● **What the task asks**
Reproduce the entries that follow, exactly and in full.

● **Data**
---*---
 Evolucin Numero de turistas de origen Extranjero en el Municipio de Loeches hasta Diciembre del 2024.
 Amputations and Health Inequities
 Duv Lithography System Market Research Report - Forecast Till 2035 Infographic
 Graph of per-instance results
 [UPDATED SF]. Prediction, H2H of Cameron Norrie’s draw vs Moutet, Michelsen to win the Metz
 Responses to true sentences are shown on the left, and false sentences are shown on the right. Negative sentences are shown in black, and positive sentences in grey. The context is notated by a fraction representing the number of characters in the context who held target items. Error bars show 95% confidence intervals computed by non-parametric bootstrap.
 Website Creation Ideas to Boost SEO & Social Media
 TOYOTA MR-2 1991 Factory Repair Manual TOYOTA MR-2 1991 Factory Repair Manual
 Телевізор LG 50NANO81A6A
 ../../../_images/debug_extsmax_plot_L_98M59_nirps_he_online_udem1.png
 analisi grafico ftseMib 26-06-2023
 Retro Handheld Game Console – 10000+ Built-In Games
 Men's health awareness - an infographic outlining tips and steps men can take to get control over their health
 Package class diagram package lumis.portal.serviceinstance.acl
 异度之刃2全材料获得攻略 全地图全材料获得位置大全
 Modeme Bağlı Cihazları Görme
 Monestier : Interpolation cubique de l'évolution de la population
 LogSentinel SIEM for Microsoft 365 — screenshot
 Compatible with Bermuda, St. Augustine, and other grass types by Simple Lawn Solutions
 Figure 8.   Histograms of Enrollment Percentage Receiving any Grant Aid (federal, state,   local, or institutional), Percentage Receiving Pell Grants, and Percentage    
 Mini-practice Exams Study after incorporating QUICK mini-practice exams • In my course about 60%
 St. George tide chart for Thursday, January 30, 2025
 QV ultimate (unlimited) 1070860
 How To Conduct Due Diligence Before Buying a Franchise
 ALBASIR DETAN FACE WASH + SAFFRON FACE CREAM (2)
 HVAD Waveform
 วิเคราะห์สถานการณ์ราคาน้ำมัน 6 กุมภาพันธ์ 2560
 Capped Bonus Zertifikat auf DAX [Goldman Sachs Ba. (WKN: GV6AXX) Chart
---*---
● **Response**
 Evolucin Numero de turistas de origen Extranjero en el Municipio de Loeches hasta Diciembre del 2024.
 Amputations and Health Inequities
 Duv Lithography System Market Research Report - Forecast Till 2035 Infographic
 Graph of per-instance results
 [UPDATED SF]. Prediction, H2H of Cameron Norrie’s draw vs Moutet, Michelsen to win the Metz
 Responses to true sentences are shown on the left, and false sentences are shown on the right. Negative sentences are shown in black, and positive sentences in grey. The context is notated by a fraction representing the number of characters in the context who held target items. Error bars show 95% confidence intervals computed by non-parametric bootstrap.
 Website Creation Ideas to Boost SEO & Social Media
 TOYOTA MR-2 1991 Factory Repair Manual TOYOTA MR-2 1991 Factory Repair Manual
 Телевізор LG 50NANO81A6A
 ../../../_images/debug_extsmax_plot_L_98M59_nirps_he_online_udem1.png
 analisi grafico ftseMib 26-06-2023
 Retro Handheld Game Console – 10000+ Built-In Games
 Men's health awareness - an infographic outlining tips and steps men can take to get control over their health
 Package class diagram package lumis.portal.serviceinstance.acl
 异度之刃2全材料获得攻略 全地图全材料获得位置大全
 Modeme Bağlı Cihazları Görme
 Monestier : Interpolation cubique de l'évolution de la population
 LogSentinel SIEM for Microsoft 365 — screenshot
 Compatible with Bermuda, St. Augustine, and other grass types by Simple Lawn Solutions
 Figure 8.   Histograms of Enrollment Percentage Receiving any Grant Aid (federal, state,   local, or institutional), Percentage Receiving Pell Grants, and Percentage    
 Mini-practice Exams Study after incorporating QUICK mini-practice exams • In my course about 60%
 St. George tide chart for Thursday, January 30, 2025
 QV ultimate (unlimited) 1070860
 How To Conduct Due Diligence Before Buying a Franchise
 ALBASIR DETAN FACE WASH + SAFFRON FACE CREAM (2)
 HVAD Waveform
 วิเคราะห์สถานการณ์ราคาน้ำมัน 6 กุมภาพันธ์ 2560
 Capped Bonus Zertifikat auf DAX [Goldman Sachs Ba. (WKN: GV6AXX) Chart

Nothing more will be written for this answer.